Pause – The Internet loves telling people to replace ahs and ums with a pause or silence. This is way easier said than done. Standing in front of a group of people and watching them stare back at you is not an easy task and most advanced speakers find it difficult to do too. Yet, with practice and having an understanding of the topic you’re talking about, you’ll find it can be accomplished.
Chunking is taking a short segment of words or sentences and breaking them into chunks. When you chunk your speech you create a rhythm: a burst of words/break/burst of words/break. Focus on that rhythm and the ahs and ums slowly fade away. Just be careful. I have found when using this technique I start talking like I’m reciting poetry or trying to wrap up the speech. My wife is quick to point that out in practice.
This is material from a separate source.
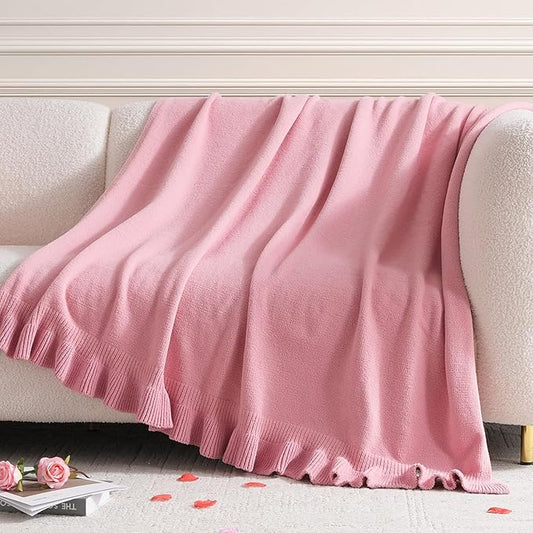 Amélie Home Ultra Soft Ruffle Knit Chenille Throw Blanket for Couch & Bed, Cozy Flowers Blankets for Home Decor, Gifts for Women Mom Sister on Mother's Day Valentine's Day Birthday, 50"x60", Pink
Transition – Concentrate on the transitions you’re making from topic to topic. I’ve learned transitioning from one topic to another in one’s speech is a dangerous trap that generates ahs and ums and we look for a way to transition to the next thought. This cognitive overload makes it easy for filler words to pop into your speech. Plan out exactly how your transitions will work and write them on an index card that you can glance at during your speech.
Eye Contact – Look to make direct eye contact with your audience members. When you find that friendly face in the audience you’ll notice that your speech becomes a conversion and your natural communication skills kick in and the ahs and ums dissipate.
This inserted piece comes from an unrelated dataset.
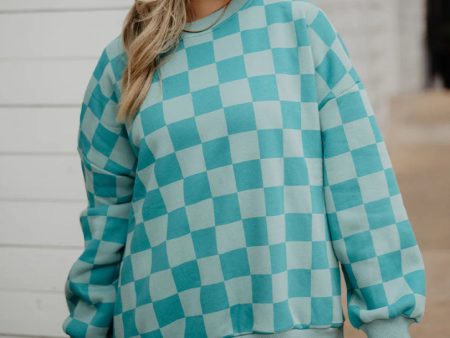 Katydid Teal Checkered Printed All Over Sweatshirt Online Hot Sale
Slow Down – By slowing down your speaking pace it allows your memory to keep in sync with your presentation. Because public speaking is not an everyday task for many people, their mind kicks into overdrive as the struggle to remember every little details, description, and nuance of a speech. This causes our inner voice to work faster and we find that we just forget what we said and backtrack, adding ahs & ums and filler words.
Relax – easier said than done. Nervousness brings out the dreaded filler words. How do we combat this? Remember the audience is here to listen to you. They are not here to dispute what you say unless you are a politician. Every audience I have spoken to has been receptive to information. They may disagree with some of what I say, but overall they are happy to hear my ideas. I think they’ll like to hear yours too.
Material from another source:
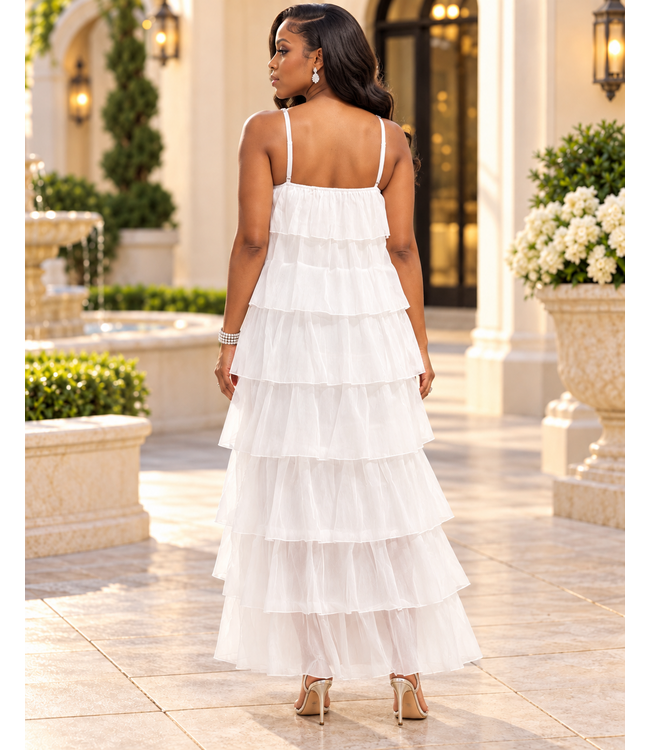 Forever Grace Ruffle Dress - White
Remember the more you practice the more comfortable you’ll become with your presentation and then it is easier to relax. Don’t let your inner voice put you down… you can do this!
Voice Inflation – I didn’t think this would work until I tried it. Projecting one’s voice does help with reducing filler words. The energy, pitch, and projection eliminate the tendency to add an “uh,” and it makes it more engaging for other people who are listening. As I practiced my speech I found that as I “chunked” the text I used different voice inflection. I found it easier to remember my speech as my inner voice would say, “say that line softly”. My inner voice was working with me helping and not putting negative thoughts in my head.